The packed train made him feel hot and grubby, and so did the sloping tunnel that he had to climb. The sky glittered above Seven Sisters Road, surfaces that looked like pavement in the dark gave way beneath his feet. He held on to the icy handrail as he ran up the slippery steps to the flats. When he shouted to make sure he was alone, only his flattened voice came back along the boxy hall.
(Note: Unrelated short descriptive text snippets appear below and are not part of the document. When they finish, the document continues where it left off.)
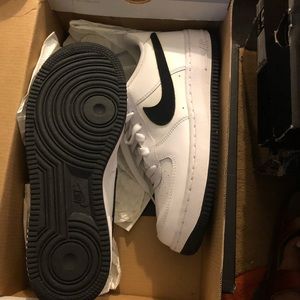EUC! Worn once! White with black Nike!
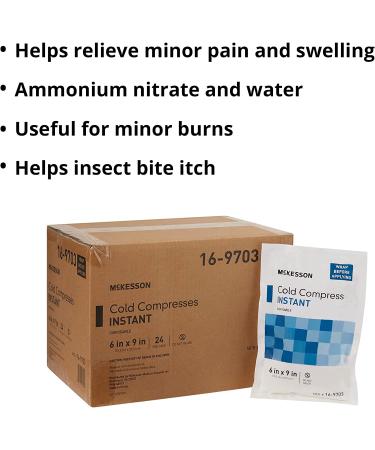 McKesson Disposable Cold Compress Instant Cold Pack 6x9 - 1 Count, 24 Packs - Buy Online on GoSupps.com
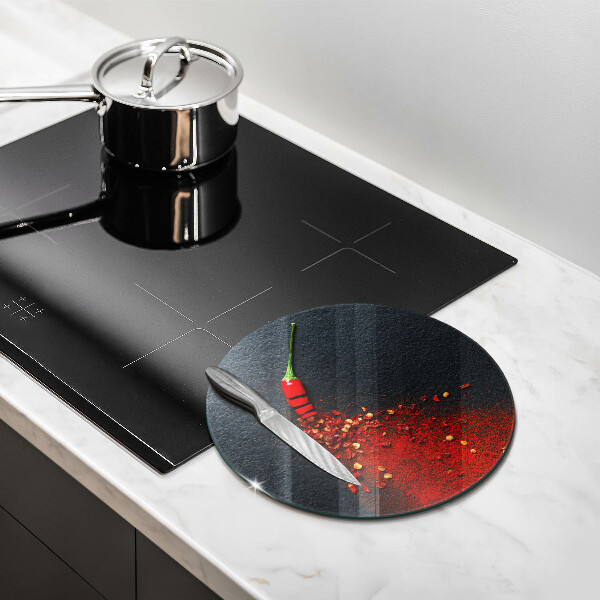 Glass cutting board Chilli pepper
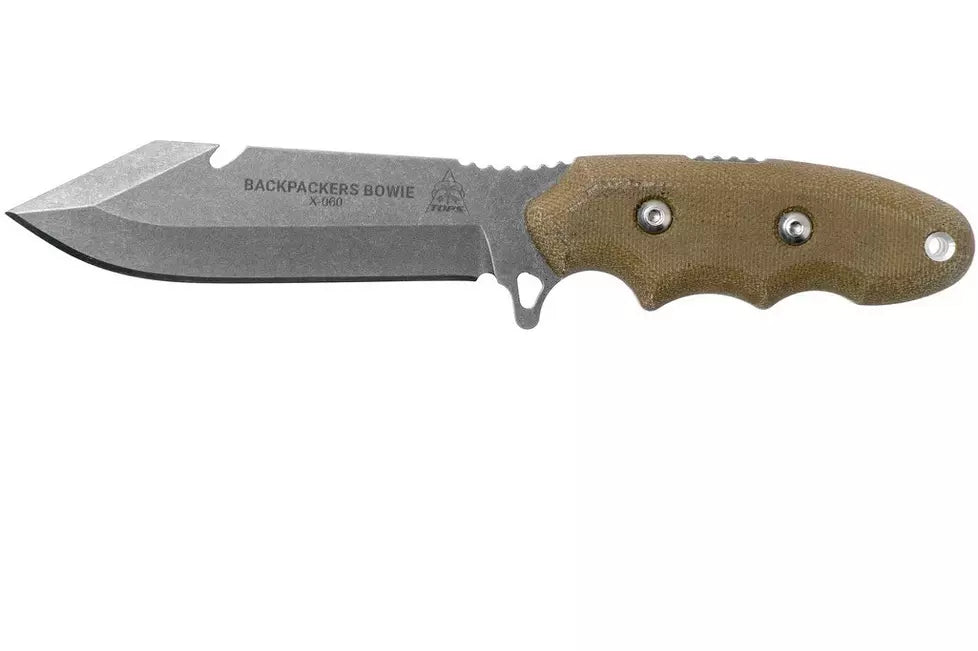 TOPS Knives Backpacker's Bowie BPB-01 fixed knife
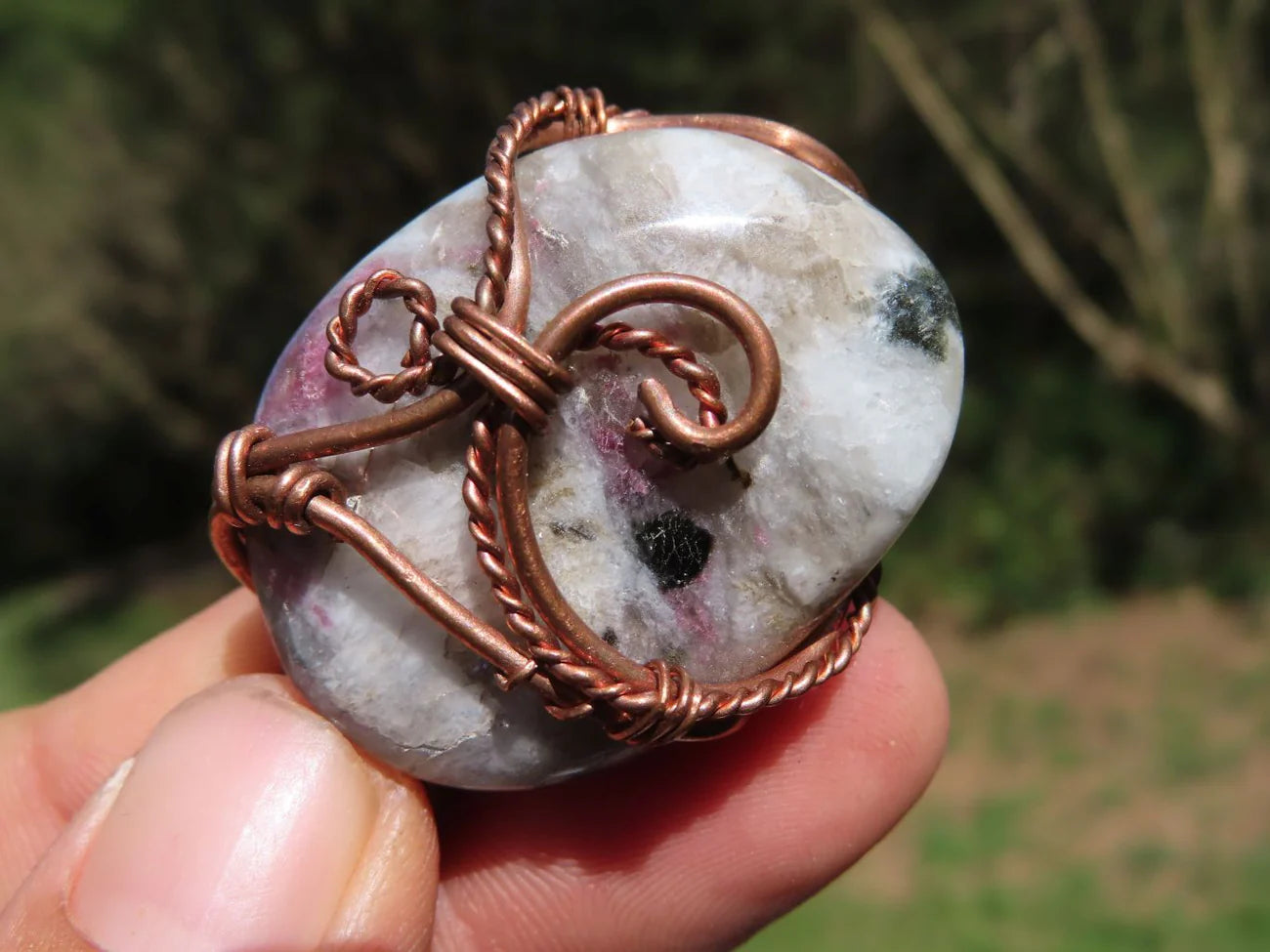 Hand Made Mixed Copper Wire Wrapped Pendants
He went straight to the bathroom, which was cold as its white tiles, and began to unpick the tape from the wrapping. He must be careful in case Mr. Pettigrew suspected it had been tampered with. He sat on the edge of the metal bath and leafed through the magazines, but something was wrong with every sequence of photographs: they were out of order, or the woman forgot to look as if she were suffering, or the beating left no marks. Every other kind of sexy photograph was real now—why not these? He wished he could take out the staples and rearrange the photographs, tell Mr. Pettigrew to go and buy his own.
And then he remembered they weren’t for Mr. Pettigrew at all. Dr. Cunt .had almost confused him into thinking they were, but she couldn’t trick him. He’d pay her back for that as well, her and Molly Wolfe. He’d start now. He got scissors and glue from the kitchen drawer and went to look for the photograph. He found the newspaper in the kitchen bin. The outer pages were stained with ketchup, but Molly Wolfe’s face was untouched. He cut it out and glued it over the face of the photograph he liked best, a girl being held down by her mother while her father striped her with a birch. He propped the magazine against the bath taps, and struggled to unbutton his fly to let out the writhing. He had just time to free his penis before it spurted over the tiles above the bath.